I 'spect the problem is the trees can start to grow over the wire.
 

charlie

Senior Member
Location
Indianapolis
mdshunk said:
A dead tree can also be called a "telephone pole". :grin:
Marc, I have always thought of them as power poles. Also, unless they are cedar, they are also treated.
icon14.gif
:D
 

ultramegabob

Senior Member
Location
Indiana
Sparky555 said:
I got a call from a guy with power line problems. A non-utility owned overhead wire is supported across a public roadway by a couple of oak trees. It's hanging very low across this street after a storm. I've never heard of trees being used for support. He wants me to hang them back on the trees???

Dave

A non-utitlity owned overhead that is crossing a public roadway? that sounds fishy, does the customer own property on both sides of the road? what type of wire is it, power or communications? I have never had to run anything across a public road, Is it a city, county, or state maintained roadway? I think if I were going to touch this, I would look into boring under the road....
 

480sparky

Senior Member
Location
Iowegia
macmikeman said:
Before anybody bothers to search, I already tried to get a picture off of google of President Bush holding an extension cord but couldn't find one. :roll:

How 'bout a telephone? :D

e966180b.jpg
 

mdshunk

Senior Member
Location
Right here.
ultramegabob said:
A non-utitlity owned overhead that is crossing a public roadway? that sounds fishy, does the customer own property on both sides of the road? what type of wire is it, power or communications? I have never had to run anything across a public road, Is it a city, county, or state maintained roadway? I think if I were going to touch this, I would look into boring under the road....
It happens a lot, but you just don't notice. A large manufacturing concern might be in several bulidings on each side of the street, and they'll run their own stuff from building to building. I worked for a company once upon a time that had several buildings all over town, and they had joint use agreements on many poles to run our own PA and phone system conductors on.
 

ultramegabob

Senior Member
Location
Indiana
mdshunk said:
It happens a lot, but you just don't notice. A large manufacturing concern might be in several bulidings on each side of the street, and they'll run their own stuff from building to building. I worked for a company once upon a time that had several buildings all over town, and they had joint use agreements on many poles to run our own PA and phone system conductors on.

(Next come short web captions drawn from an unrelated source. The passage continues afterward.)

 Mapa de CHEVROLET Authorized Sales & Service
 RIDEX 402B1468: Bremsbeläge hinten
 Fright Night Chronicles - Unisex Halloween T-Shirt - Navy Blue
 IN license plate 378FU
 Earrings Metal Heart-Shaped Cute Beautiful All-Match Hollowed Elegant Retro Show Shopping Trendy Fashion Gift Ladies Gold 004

I have never ran anything over a public roadway, but I did run some conduit for for a lo-vo contractor to pull their cables through a tunnel connecting a highschool that had a second building across the street.
 

charlie

Senior Member
Location
Indianapolis
The engineering division that I supervised would set up a contract for foreign contacts (Foreign is anyone other that us and a communications utility). Included in the license fee was the "make ready" costs which many times required pole replacements for either height or strength. The costs could be several thousands of dollars per pole that needed to be replaced.

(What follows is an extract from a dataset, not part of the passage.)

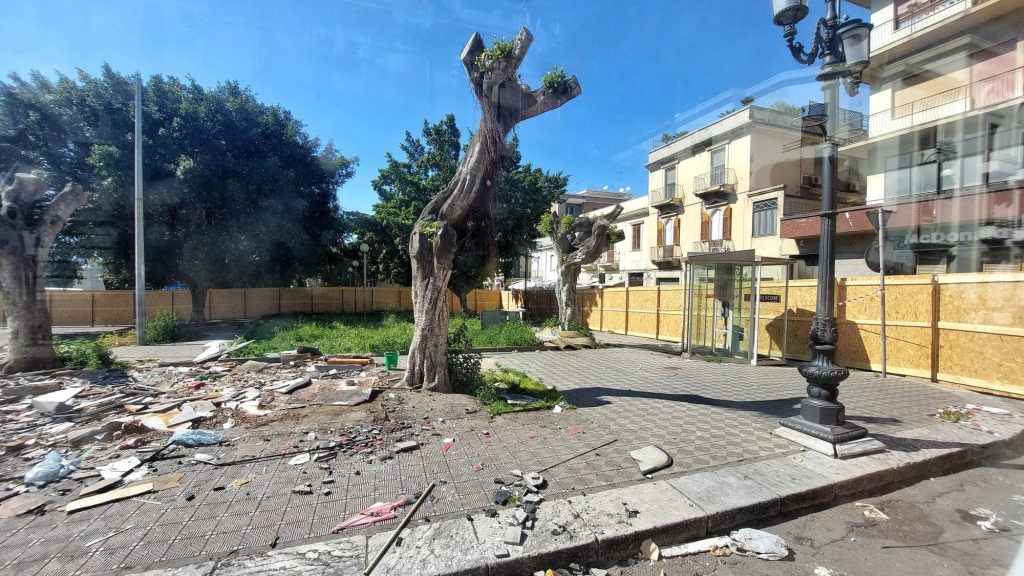 lavori piazza garibaldi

Whenever a licensee had to enter the public rights-of-way, a letter from the local governmental authority had to be obtained to give them permission to do so. This letter is normally not produced and the attachment costs are prohibitive so we seldom have foreign attachments but they are done. :)
 

mivey

Senior Member
480sparky said:
Um, that pix is not Photoshopped......:wink:

I don't have Photoshop anyway.
Um, yes it is (Photoshopped being a generic term for a manipulated photo).You can see where the cord used to go across his wrist and the top of his tie.

I do photo restoration work and know you could make this change almost impossible to notice. One problem is that it would be time consuming. Another is that the joke would become a deceit. The good part about this joke is that they actually left the evidence like any good prankster would.
 

mivey

Senior Member
mivey said:
Um, yes it is (Photoshopped being a generic term for a manipulated photo).You can see where the cord used to go across his wrist and the top of his tie.
I thought the smudge on his wrist was where the phone cord came across, but you can actually see part of the cord on the right edge (his left) of his tie where it went across.